Viewpoint: Today's young people have great hope

I took a picture during my son’s graduation at Anderson High School June 7, 2014. It is Anderson High School band members playing their bagpipes as an Indian statue stands lookout in the old Pirate Gym. Twenty-seven years ago, almost to the day, I graduated from that same gym not as an Indian, but as a Pirate. On that warm summer evening in 1987 if you had given me a million guesses I would have never dreamed that a short 27 years later the Pirate Palace would be now called the Tepee and be done in red and green instead of scarlet and black. It looked weird to me, upsetting in a way. I was a three-sport athlete at MHHS. I bled scarlet and black and I hated the Indians. I was jealous of their history, traditions, and overall ability to beat us in most team sports. They were my sworn enemy. So as I sat in that same gym 27 years later, I found it disheartening to see no Pirate signs and all of that red and green.

Then something happened. The Class of 2014 marched into the gym including my son and they had the look of excitement, hope and dreams to be reached. They beamed with pride off what they had accomplished and what lied before them. At that moment I realized it didn’t matter what they called the gym or what colors were on the wall. I realized that my memories of times gone past would always be mine and that I was lucky enough to witness these young people establish theirs. I also realized that they get it.

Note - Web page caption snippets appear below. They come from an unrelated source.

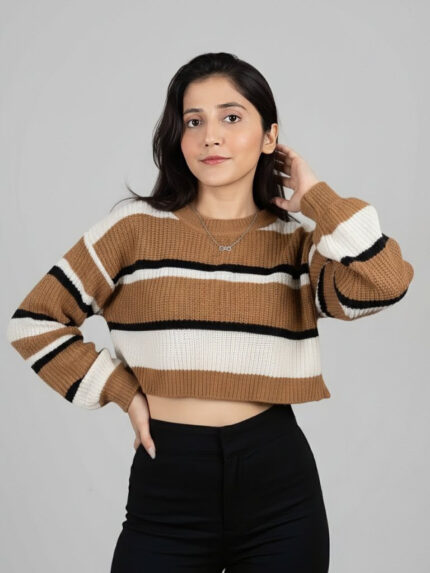 Stripe Knit Winter Crop Sweater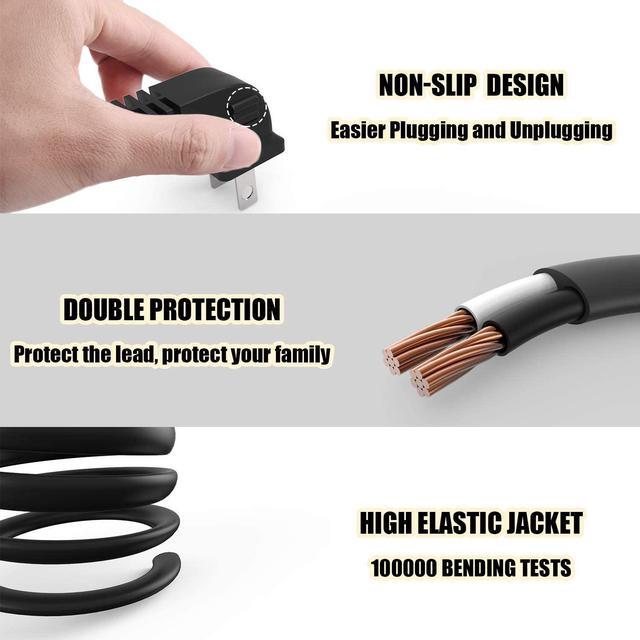 Alt view image 2 of 7 - TV Power Cord Ancable 6-Feet 18AWG 90 Degree Angled 2-Prong to L-Shaped C7 Power Cord for Samsung Philips Toshiba LG Sony Sharp Panasonic Vizio LED Flat TV Sky Box Sky Plus+ HD Box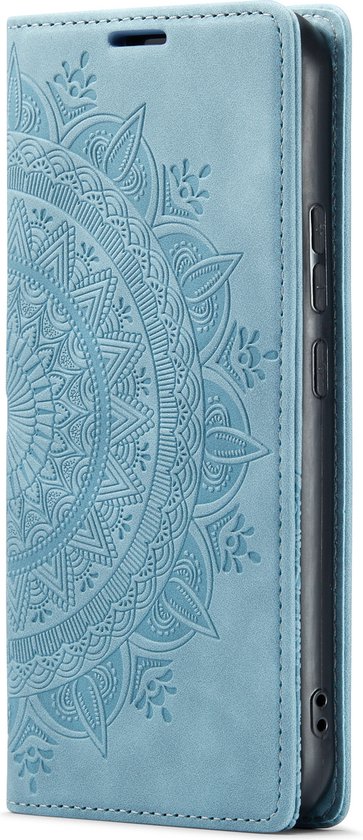 Casemania Hoesje Geschikt voor Samsung Galaxy A55 - Aqua Blue - Mandala Dunne Portemonnee Book Case - Slim Wallet Case met Pasjeshouder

My son’s class was one of the first to go to Highland for their freshman year. There would be no more Scots just like there would be no more Pirates. It was wrong, many of the adults said in the community at the time. It will never work. There will be fights and divisions, we adults said. We knew for sure that it would fail, just like 27 years ago I knew my gym would always be scarlet and black. A funny thing happened though, no one must have told the kids. They came together as one and created a new identity. They took pride and found a way to respect and honor their past, but, not get hung up on it. They simply moved forward. Twenty-seven years ago watching bagpipes being played with an Indian statue in my Pirate Palace would have appalled me. Yesterday as I watched and listened to it, it was one of the most moving and beautiful things I have ever seen.